Eighty years ago this month, the February 1940 issue of Radio Retailing carried this ad for the Admiral model 12-B-5, a five tube set that covered both standard broadcast (including police at the top of the dial) and shortwave signals from 5.65 to 17.1 MHz.

With Europe at war, this inexpensive set would pull in the news straight from the warring powers. I wasn’t able to find much information about this set, but it looks like an “All-American Five” with the shortwave band added. It probably did an adequate job with the strong stations, and at $12.95, it was modestly priced for a shortwave set.

Shown here, from the February 1945 issue of Radio Craft, is a compact one-tube shortwave set dubbed “The Ultra.” It’s a superregenerative set covering 10-120 meters using a 117ZP7-GT tube. One half of the tube is the rectifier, with the other half serving as the superregenerative detector. The magazine notes that the set features post-war details such as phosphorescent panel marks. These are made from glow-in-the-dark paper coated with calcium sulphide which is carefully applied to the panel. After being exposed to the light, the markings will then glow in the dark with a purple hue.

The set is shown here with a bent antenna, and the author notes that this antenna is sufficient for strong stations. He cautions against use of an outdoor antenna, as the set will radiate and interfere with other nearby receivers. He suggests the use of one stage of RF amplification if an outdoor antenna is used.

One shortcoming of a superregenerative receiver is that it’s practically impossible to listen to code. When the key is down, the receiver is silent, and when the key is up, the receiver is making a loud rushing noise. Since this is the exact opposite of how it should sound, the author acknowledges that this is a shortcoming. But for AM signals, it would appear that this little set would really pull in the stations.

With Canada’s men off to war, it was up to the women to work in war industries, as shown by this ad from the Toronto Daily Star 75 years ago today, February 7, 1945.

The ad doesn’t identify the company, but it’s a well-established organization that manufactures radio tubes.  Women were needed full time to work as assemblers, and the work promised to continue after victory.

Application was to be made at an agency located at 832 Bay Street, Toronto.

Seventy-five years ago this month, the January 1945 issue of Popular Science showed this simple tester for troubleshooting radio circuits if problems “can’t be located by guesswork”. The top portion was an audio or radio-frequency circuit tracer. You worked backwards from the speaker to locate the source of the trouble. The bottom section was a continuity tester. If you heard a click in the headphones, then you knew there was continuity. To test a capacitor, you would connect it and hear a click. If you waited a few seconds and repeated the process, a weaker click would tell you that the capacitor was holding its charge.

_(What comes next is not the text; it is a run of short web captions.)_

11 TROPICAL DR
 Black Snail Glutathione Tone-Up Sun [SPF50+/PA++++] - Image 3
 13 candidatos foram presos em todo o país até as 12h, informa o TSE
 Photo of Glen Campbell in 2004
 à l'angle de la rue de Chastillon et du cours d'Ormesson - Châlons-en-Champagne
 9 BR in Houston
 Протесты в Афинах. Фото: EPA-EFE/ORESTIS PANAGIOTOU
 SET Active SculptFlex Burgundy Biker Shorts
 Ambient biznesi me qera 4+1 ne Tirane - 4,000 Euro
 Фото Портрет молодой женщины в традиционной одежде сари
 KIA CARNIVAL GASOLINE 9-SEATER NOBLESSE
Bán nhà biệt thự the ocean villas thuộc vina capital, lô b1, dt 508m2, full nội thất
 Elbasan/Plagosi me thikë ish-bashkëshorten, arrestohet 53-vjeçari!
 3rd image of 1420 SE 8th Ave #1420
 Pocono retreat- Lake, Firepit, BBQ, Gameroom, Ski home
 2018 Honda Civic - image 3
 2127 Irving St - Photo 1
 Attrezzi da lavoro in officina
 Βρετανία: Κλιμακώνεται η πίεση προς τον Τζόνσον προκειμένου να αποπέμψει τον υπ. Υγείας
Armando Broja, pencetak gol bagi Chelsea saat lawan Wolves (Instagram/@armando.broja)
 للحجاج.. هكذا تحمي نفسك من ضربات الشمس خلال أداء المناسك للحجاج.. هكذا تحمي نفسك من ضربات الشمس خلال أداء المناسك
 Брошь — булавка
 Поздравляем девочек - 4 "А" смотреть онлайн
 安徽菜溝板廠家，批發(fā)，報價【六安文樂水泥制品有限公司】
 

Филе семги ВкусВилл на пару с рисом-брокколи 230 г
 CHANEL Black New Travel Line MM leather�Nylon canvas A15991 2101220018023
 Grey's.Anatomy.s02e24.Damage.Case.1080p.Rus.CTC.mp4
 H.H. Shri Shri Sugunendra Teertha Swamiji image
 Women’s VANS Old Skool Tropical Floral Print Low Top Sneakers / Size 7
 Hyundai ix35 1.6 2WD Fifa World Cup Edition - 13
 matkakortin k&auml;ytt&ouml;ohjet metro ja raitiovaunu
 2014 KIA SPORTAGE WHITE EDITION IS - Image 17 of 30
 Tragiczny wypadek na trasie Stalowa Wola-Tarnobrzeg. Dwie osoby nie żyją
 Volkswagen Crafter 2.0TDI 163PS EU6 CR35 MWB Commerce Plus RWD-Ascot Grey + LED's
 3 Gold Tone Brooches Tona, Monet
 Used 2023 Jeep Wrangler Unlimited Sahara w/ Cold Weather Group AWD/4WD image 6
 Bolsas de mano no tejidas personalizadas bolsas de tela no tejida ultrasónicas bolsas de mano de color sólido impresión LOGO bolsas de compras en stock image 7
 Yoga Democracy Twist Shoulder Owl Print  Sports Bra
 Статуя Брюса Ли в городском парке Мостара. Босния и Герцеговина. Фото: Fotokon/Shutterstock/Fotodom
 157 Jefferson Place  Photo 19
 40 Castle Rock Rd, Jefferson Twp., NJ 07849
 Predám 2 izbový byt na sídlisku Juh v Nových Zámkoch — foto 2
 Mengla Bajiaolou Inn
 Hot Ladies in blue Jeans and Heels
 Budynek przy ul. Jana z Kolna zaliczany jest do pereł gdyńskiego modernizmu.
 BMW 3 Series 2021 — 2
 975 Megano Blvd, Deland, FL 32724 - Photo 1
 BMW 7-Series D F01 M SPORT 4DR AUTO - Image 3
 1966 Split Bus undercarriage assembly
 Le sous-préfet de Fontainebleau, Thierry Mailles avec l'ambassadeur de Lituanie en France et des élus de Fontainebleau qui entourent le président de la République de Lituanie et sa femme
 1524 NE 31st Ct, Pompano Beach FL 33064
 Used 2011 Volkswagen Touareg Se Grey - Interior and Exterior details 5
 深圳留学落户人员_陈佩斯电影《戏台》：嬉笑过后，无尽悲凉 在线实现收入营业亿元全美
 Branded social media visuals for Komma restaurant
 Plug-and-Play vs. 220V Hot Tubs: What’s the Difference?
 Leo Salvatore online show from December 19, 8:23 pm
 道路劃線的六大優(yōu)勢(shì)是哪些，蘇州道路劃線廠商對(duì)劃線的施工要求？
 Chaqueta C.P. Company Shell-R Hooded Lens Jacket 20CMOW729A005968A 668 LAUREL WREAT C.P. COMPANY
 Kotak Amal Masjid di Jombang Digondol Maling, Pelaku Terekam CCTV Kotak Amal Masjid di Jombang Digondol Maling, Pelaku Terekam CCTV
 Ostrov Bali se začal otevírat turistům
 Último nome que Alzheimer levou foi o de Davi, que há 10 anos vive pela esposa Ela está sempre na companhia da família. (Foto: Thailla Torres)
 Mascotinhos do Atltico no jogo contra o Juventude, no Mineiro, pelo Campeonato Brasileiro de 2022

As you can see, there were still a few tweaks to be made, such as the elimination of TV channel 1, and the exact limits of the FM broadcast band.  But by January 1945, the postwar allocations for the VHF and UHF spectrum were pretty much in place.  This chart appeared in the January 1945 issue of Radio Service Dealer.

During World War II, one recurring theme in radio and handyman magazines was bringing the radio from the car inside the house. There were two practical reasons for doing this: First, no new radios were being manufactured, so if you needed another one in the house, you had to use some ingenuity. Second, the radio wasn’t doing much good in the car, anyway, due to gas and rubber rationing.

The January 1945 issue of Popular Science contains some pointers for doing the job. The radio probably used 6 volts for the tube filaments, and a higher voltage for the B+. The high voltage came from a vibrator power supply. The mechanical vibrator changed the car’s 6 volts from DC to AC, which was fed into a transformer to increase the voltage. The radio had a rectifier tube to change it back to the DC required by the circuit. To do the conversion, you needed a transformer that changed the 120 volt household current into 6 volts, with another winding of about 120 volts. This replaced the radio’s vibrator and transformer, and the set’s existing rectifier was used. The wiring for two common circuits is shown below.

For an antenna, the article pointed out that about 20 inches of wire would do a good job, since this is about the length of antenna the set was designed for.